Beginning with the line that contains "Strap from MARAIS" and ending with the line that contains "Quittance et Mainlevée: Debande/Eyrand", reproduce the lines of the entries below exactly, omitting pictures.

***** Provided records *****

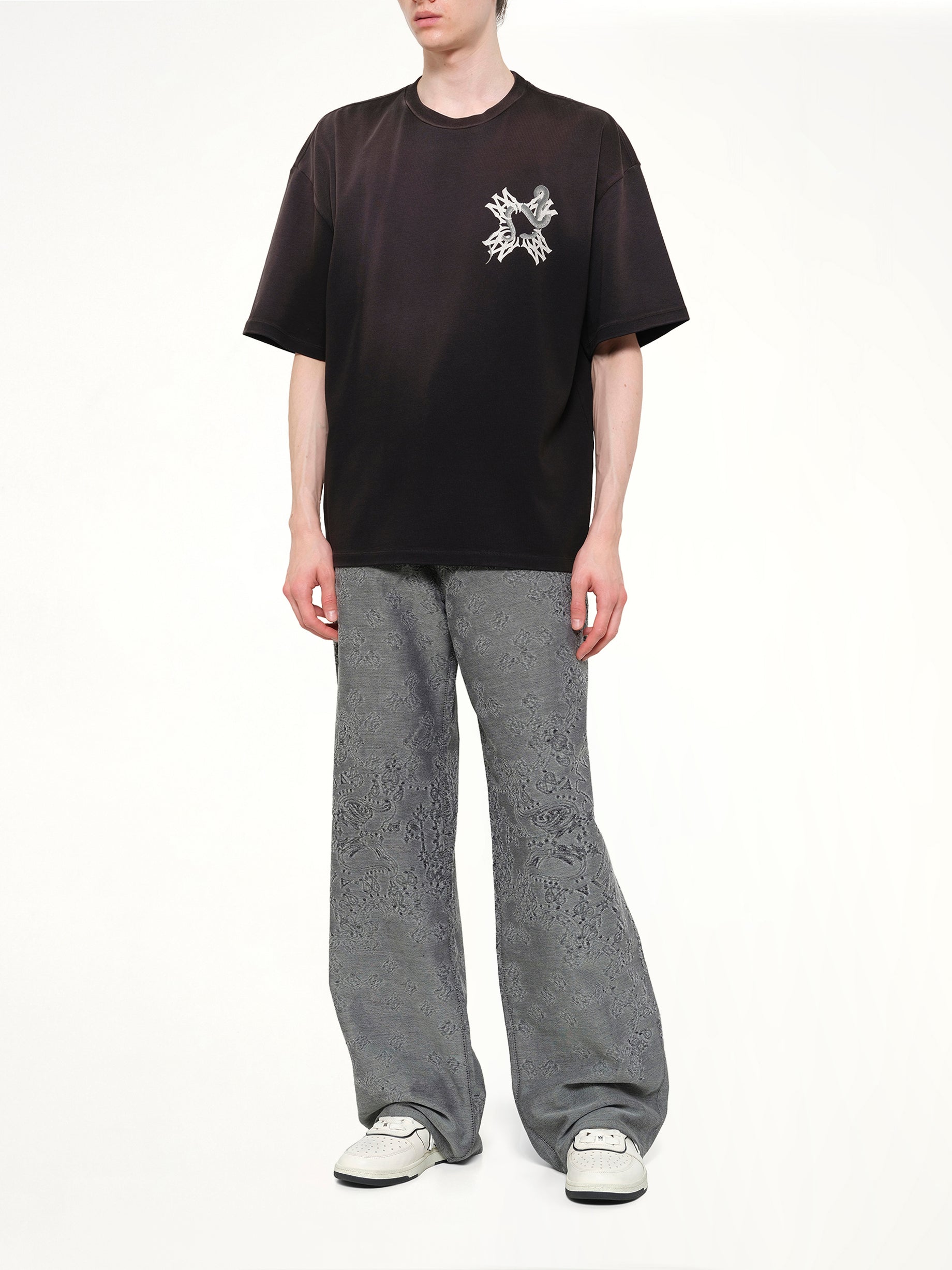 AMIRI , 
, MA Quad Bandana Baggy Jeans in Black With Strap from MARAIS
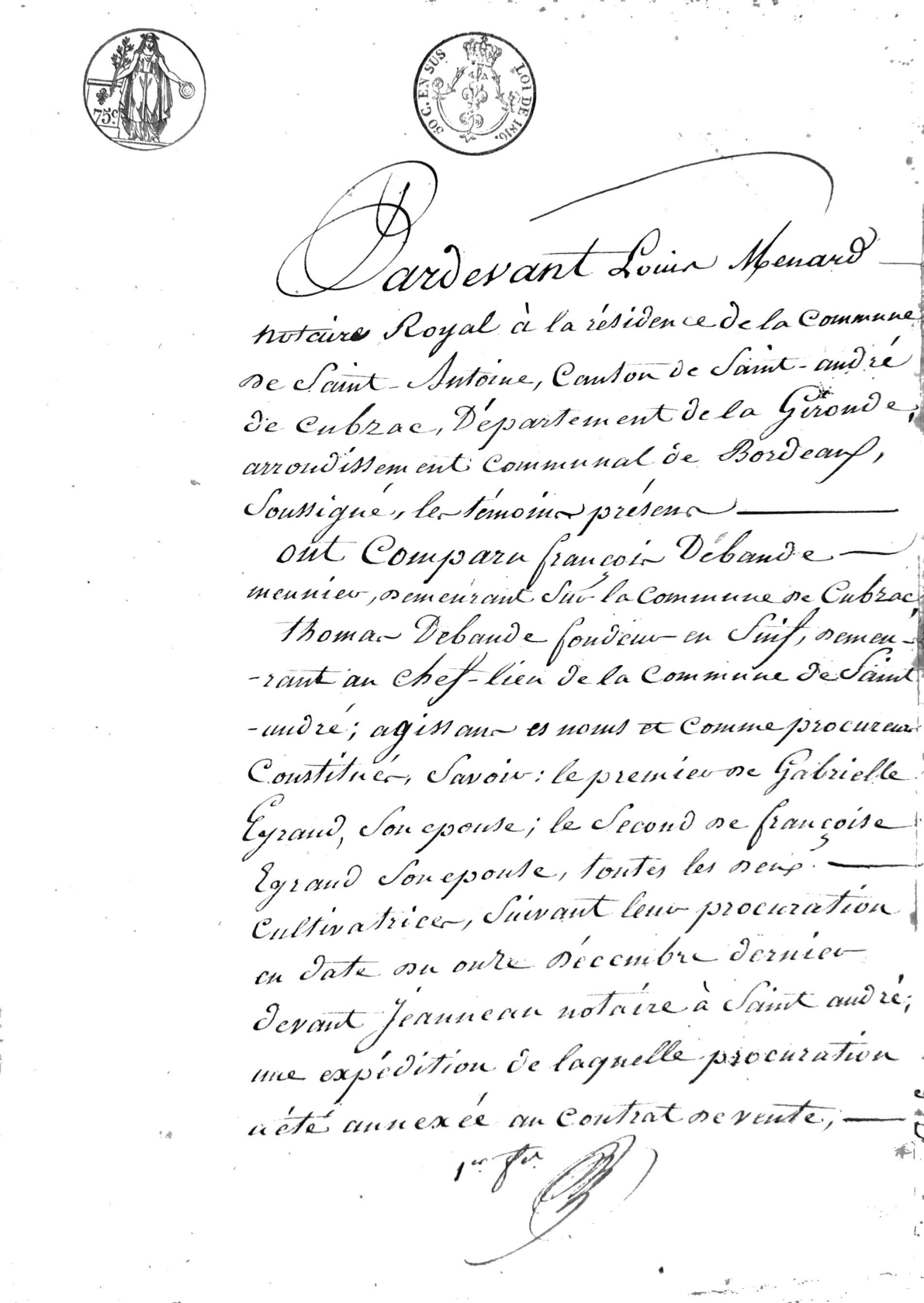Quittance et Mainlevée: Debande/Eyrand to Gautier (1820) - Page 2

*****
***** Provided records *****

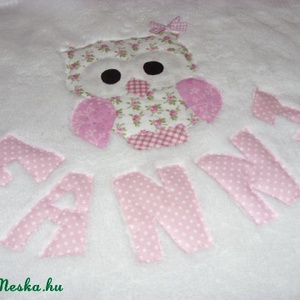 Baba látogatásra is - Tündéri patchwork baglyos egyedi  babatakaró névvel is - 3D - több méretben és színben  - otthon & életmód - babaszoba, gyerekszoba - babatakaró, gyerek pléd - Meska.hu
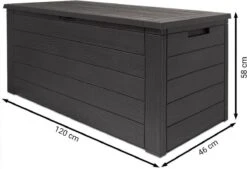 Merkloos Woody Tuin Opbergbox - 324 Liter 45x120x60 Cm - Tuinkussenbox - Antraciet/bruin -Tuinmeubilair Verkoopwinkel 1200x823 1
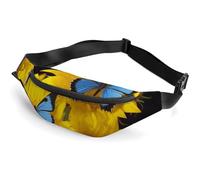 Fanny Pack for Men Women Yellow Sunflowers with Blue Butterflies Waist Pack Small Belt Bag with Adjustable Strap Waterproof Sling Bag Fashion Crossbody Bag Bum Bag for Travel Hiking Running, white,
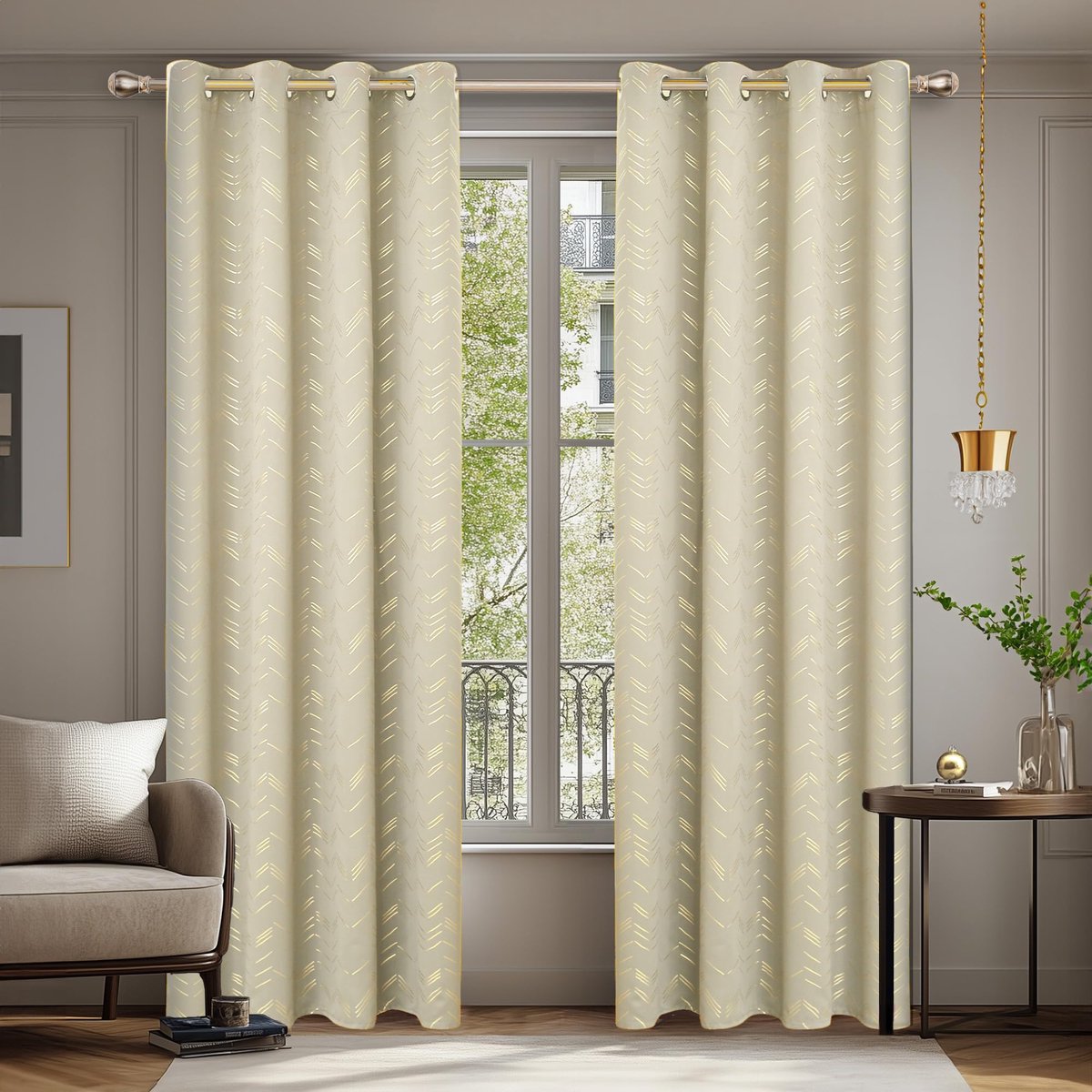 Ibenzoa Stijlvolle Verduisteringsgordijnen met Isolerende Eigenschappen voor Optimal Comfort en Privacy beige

*****
***** Provided records *****

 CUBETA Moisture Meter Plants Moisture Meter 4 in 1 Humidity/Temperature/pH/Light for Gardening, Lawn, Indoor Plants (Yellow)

*****

Solution for this exercise |
, MA Quad Bandana Baggy Jeans in Black With Strap from MARAIS
Quittance et Mainlevée: Debande/Eyrand to Gautier (1820) - Page 2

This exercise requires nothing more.